There’s a series of steps to find the rectangular region of a child RectTransform inside a parent. The anchors are the first step – they define a proportional rectangle inside the parent – the next step to define offsets from the corners of that proportional rectangle.

The Offset Min/Max Variables

The offsetsMin and offsetMax specify pixel offsets from the corners that anchorMin and anchorMax define. That’s all it is.

  • Take the resulting point you get from anchorMin and add offsetMin to it to get the rectangle’s new bottom left.
  • Take the resulting point you get from anchorMax and add offsetMax to it to get the rectangle’s new bottom right.

This extra piece of the formula makes it clear why we would ever want to have anchorMin and anchorMax match, because we can add a constant offset of them afterwards.

Also note that nothing has changed with the coordinate convention. Positive x values still go right, positive y values still go up. This applies for both the offsetMin and offsetMax.

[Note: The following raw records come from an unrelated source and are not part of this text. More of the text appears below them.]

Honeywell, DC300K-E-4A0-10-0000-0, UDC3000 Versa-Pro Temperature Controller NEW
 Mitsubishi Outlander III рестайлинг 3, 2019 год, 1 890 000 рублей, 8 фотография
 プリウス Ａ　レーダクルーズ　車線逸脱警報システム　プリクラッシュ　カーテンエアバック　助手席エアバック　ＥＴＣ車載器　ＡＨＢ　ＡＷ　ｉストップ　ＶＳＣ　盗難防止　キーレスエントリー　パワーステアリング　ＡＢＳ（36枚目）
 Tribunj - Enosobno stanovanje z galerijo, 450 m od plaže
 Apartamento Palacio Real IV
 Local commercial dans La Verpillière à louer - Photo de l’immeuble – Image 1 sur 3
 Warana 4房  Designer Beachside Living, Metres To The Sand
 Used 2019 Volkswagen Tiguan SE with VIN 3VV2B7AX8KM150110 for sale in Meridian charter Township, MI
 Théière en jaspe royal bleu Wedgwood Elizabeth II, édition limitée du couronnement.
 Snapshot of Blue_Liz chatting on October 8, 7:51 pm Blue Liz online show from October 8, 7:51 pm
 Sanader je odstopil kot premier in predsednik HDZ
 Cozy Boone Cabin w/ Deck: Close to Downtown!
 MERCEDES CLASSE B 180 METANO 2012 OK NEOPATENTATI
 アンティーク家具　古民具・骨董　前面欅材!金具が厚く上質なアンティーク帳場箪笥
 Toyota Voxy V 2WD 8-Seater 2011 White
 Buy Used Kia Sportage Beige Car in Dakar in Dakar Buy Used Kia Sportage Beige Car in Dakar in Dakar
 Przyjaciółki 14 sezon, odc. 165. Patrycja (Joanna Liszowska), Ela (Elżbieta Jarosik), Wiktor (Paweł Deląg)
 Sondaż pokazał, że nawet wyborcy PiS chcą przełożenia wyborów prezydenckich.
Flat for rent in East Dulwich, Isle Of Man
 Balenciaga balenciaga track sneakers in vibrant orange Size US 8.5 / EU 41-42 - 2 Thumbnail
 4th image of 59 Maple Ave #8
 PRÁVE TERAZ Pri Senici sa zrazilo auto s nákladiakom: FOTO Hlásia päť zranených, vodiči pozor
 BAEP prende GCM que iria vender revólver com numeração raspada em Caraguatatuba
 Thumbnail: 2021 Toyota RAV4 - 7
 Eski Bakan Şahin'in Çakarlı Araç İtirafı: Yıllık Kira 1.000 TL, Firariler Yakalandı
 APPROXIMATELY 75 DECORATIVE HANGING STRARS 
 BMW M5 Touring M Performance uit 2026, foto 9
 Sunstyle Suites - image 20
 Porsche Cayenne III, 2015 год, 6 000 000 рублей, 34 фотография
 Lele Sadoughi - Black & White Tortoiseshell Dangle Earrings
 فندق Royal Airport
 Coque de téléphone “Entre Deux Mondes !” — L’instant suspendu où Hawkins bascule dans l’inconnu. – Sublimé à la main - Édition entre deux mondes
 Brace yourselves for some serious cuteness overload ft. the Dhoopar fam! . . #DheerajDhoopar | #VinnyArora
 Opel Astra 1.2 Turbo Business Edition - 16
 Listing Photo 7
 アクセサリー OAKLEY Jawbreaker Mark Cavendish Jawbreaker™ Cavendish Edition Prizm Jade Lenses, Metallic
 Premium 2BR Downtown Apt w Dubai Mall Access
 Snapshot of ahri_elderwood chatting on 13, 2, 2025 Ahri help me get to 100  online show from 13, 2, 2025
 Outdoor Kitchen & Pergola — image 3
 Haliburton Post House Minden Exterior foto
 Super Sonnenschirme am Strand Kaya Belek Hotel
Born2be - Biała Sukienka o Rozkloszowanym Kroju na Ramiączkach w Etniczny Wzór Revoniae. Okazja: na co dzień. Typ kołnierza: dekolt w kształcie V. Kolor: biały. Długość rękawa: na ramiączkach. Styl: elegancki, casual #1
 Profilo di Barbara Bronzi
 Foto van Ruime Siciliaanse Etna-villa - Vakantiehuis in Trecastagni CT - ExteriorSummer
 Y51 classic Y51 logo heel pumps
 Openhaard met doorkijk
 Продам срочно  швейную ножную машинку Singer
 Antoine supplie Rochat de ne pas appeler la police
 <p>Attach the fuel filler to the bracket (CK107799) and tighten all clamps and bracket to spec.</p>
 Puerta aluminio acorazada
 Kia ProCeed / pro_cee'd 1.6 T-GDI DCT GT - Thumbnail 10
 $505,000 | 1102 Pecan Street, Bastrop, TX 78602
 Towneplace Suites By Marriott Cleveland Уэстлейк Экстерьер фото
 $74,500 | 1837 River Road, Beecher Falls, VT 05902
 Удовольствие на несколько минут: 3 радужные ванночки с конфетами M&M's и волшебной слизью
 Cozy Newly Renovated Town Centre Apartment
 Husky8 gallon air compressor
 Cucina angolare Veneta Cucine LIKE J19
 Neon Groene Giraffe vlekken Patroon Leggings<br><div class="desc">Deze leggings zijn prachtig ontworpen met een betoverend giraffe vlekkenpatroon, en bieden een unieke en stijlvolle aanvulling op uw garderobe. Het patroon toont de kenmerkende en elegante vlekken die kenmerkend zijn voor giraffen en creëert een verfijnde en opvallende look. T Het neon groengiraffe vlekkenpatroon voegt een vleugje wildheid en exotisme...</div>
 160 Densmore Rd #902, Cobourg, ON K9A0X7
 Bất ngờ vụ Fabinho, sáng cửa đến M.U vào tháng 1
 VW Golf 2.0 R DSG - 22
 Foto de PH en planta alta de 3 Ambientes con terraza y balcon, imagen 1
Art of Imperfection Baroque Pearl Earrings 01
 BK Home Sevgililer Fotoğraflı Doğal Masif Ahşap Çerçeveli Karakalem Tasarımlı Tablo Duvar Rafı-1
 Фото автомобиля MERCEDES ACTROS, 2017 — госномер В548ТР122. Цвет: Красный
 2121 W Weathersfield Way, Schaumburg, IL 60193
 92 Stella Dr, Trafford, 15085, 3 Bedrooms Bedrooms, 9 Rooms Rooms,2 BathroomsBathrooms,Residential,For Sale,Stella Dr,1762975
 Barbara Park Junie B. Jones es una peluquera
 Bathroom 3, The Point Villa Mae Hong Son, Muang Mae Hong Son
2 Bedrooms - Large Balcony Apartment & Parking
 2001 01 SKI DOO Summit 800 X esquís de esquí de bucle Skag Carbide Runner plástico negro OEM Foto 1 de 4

Adding pixel offsets to the anchors to figure out a child’s final rectangular region within a parent.

MoAr examples:

Examples for offsetMin and offsetMax. While they are unlabeled, they can be identified which which references the bottom-left or top-right anchor, or results in the final min or max position.
  • top left – Anchors were set to take up the full parent, but offsets were added to inset a constant amount.
  • top right – offsets were added to create a frame around where anchors were evaluated.
  • middle left – Anchors were both set to the center, and offsets were applied – creating a rectangle of a constant size at the center of the parent.
  • middle right – Anchors were both set to the top left, and negative offsets were applied – creating a rectangle of a consistent pixel size offset from the parent’s top left.
  • bottom left – Similar to the top left example, but the anchorMax only extended halfway across the parent horizontally.
  • bottom right – Anchors were set to the left edge. offsetMax.x was increased. This results in a left-aligned rectangle that takes up the entire parent height, but has a constant pixel width.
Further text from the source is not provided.